Seçilen ana karakterler kurguyu “sıradanlaşma” hastalığına yakalanmaktan kurtarırken; hikayenin olduğu kadar anlatıcısının da ilginç bir kişiliği  olduğunu vurguluyor kendince.Seçimlerinin radikalliği yönünden de tebrik etmek istiyorum seni. Şu an diğer bölüme geçerken, “daha karşıma kimler çıkacak acaba?” diye sormaktan alıkoyamıyorum kendimi. o.O

Lisefi de tanımak istiyordum bu bölümde aslında. Kaç yaşındadır? Nerede yaşar? Nelerle uğraşır? Mesela geldiği dünyadan da biraz bahsedebilirdin sanki ..

Bölüm 3

Modern zamanların “Lisef Harikalar Diyarında”sıyla tanıştım bu bölümde. Ve Hızır’ın çırağı bana beyaz kocaman tavşanı anımsattı bir anda. (:  Lisef’i yüzü uyku mahmurluğunun esaretinden kurtulamamış, en şapşal ve en masum haliyle canlandırdım gözümde.

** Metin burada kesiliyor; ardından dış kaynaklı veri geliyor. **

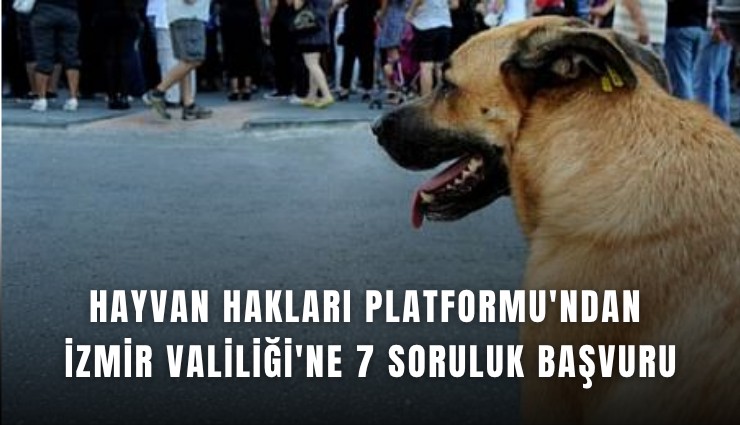 Hayvan Hakları Platformu'ndan İzmir Valiliği'ne 7 soruluk başvuru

Ve Naruto’ ya benzeyen kocaman mavi gözleri ve sarı sarı saçları olduğunu ekledim hayalime ister istemez.

Alemlere akan Leonan beni gülümsetti; ilahi Wanderer  ^^

Bölümler uzadıkça okuduğum şeyden tat almaya başladım.Sıcak çikolata dikkatli ve iyi bir seçim olmuş. İskender’in olaya karışması ise  “işte bu” dedirtti bana . Lisef ve yanındakilerin karşısına çıkacak en farklı ve  hiç aklıma gelmeyecek bir karakterdi B.İskender. Beklenmedik ve riskli girişimler bence, fakat işe yaramış ve ani saldırıyla beraber gelişi akıcılıktan sürükleyiciliğe ilerletmiş öykünü.

Bölüm 4

Bu bölümün bende en yankı uyandıran noktası, adını İkidir  duyduğum SÖZGEÇ ‘i kafamda bir yere oturtamamış olmamdı. Şeklini şemalini bir şeye benzetemediğimden ve tasvirini yazının içinde göremediğimden sadece merakla satırları kurcaladım. Tabi ki yoktu. Olsaydı ... Olsaydı...

Yeşil ışık parçacıkları Peter Pan’ı  ve Thinkerbeli anımsattı bana. Doğru yolda mıyım bilemiyorum.  Peki ya yazar doğru yolda mı ? Vermek istediği bu muydu acaba? Merak ettim.

Uzun bölümler olması hoşuma gidiyor. Kelime tekrarları ise hızla azalıyor. Aynı paragrafın içinde birden fazla aynı kelime/kelime grubunun tekrarı akıcılığını boğuyor maalesef Wanderer.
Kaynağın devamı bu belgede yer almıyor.